Command those who are rich in this present world not to be arrogant nor to put their hope in wealth, which is so uncertain, but to put their hope in God, who richly provides us with everything for our enjoyment. Command them to do good, to be rich in good deeds, and to be generous and willing to share. (1 Tim. 6:17-18)

Tuesday, July 5, 2011

Freedom In Christ, Not Freedom From Giving

Photo by Cribb10
Let Freedom Ring

At a time when we are celebrating our national freedom here in the United States, I am reminded of the freedom that we as believers enjoy in our Lord Jesus Christ. Consider the following New Testament passages on Christian freedom.
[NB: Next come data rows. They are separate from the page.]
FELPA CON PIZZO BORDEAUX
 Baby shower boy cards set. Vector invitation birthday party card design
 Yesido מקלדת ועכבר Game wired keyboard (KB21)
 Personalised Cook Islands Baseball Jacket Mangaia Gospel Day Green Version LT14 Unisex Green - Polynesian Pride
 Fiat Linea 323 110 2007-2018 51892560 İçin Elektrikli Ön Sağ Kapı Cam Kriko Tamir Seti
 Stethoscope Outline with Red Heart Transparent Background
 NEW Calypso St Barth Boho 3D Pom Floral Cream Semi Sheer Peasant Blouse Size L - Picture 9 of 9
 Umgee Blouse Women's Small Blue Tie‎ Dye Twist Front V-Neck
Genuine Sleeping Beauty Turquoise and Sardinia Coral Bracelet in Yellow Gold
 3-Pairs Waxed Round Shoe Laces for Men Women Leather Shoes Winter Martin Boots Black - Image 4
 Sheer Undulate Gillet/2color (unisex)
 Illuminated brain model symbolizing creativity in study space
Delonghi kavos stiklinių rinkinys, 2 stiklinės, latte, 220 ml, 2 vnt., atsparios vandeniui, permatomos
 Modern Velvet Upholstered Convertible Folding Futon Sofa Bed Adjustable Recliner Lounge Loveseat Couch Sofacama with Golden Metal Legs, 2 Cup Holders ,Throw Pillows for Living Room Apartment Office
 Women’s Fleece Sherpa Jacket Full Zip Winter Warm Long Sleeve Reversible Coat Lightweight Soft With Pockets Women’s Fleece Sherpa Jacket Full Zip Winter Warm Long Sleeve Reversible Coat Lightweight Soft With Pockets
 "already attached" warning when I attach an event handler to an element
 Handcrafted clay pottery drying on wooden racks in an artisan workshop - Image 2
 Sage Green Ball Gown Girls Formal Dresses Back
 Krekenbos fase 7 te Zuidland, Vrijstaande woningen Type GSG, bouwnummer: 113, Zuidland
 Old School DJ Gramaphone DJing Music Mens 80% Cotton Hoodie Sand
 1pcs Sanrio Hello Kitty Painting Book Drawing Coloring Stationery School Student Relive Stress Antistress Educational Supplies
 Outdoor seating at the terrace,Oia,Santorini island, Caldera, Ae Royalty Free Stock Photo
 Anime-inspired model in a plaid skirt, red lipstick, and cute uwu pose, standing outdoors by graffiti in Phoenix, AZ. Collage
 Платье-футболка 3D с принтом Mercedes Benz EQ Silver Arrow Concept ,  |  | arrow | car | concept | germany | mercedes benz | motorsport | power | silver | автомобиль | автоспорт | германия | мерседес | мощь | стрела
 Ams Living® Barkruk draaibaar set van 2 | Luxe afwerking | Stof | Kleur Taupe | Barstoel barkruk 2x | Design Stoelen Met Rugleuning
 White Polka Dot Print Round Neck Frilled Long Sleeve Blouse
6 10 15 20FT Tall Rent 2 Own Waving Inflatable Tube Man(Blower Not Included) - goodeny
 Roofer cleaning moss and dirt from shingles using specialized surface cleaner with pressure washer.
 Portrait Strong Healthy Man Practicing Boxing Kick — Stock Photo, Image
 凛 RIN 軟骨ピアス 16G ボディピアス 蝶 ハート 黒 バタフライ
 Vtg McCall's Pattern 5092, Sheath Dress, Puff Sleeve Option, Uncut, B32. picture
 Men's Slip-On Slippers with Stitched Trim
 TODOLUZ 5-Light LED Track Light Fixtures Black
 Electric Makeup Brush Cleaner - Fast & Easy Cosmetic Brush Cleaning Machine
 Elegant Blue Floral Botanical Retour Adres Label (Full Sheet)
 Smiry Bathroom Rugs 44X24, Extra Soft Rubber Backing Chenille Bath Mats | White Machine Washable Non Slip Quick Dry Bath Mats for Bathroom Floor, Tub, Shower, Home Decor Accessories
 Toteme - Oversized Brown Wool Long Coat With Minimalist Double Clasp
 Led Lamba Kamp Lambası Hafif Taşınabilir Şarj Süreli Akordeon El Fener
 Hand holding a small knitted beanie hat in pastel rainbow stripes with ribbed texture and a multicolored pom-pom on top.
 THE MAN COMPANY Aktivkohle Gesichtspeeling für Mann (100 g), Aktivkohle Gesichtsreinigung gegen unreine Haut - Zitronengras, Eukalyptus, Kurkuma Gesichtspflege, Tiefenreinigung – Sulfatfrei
In 2 Corinthians 3:16-17, the Apostle Paul writes,
But whenever anyone turns to the Lord, the veil is taken away. Now the Lord is the Spirit, and where the Spirit of the Lord is, there is freedom.
In Galatians 2:4-5, we read,
This matter [circumcision] arose because some false believers had infiltrated our ranks to spy on the freedom we have in Christ Jesus and to make us slaves. We did not give in to them for a moment, so that the truth of the gospel might be preserved for you.
Then, Paul states in Galatians 5:1,
It is for freedom that Christ has set us free. Stand firm, then, and do not let yourselves be burdened again by a yoke of slavery.
The freedom that Paul writes about in these various passages is freedom from the rules and regulations of Jewish Law in the Old Testament. At this point in early church history, there was a group of Jewish believers who were teaching that in order to be a believer in Christ that you needed to follow specific requirements in Old Testament Law as well. The early church leaders argued regularly that this was a heretical teaching.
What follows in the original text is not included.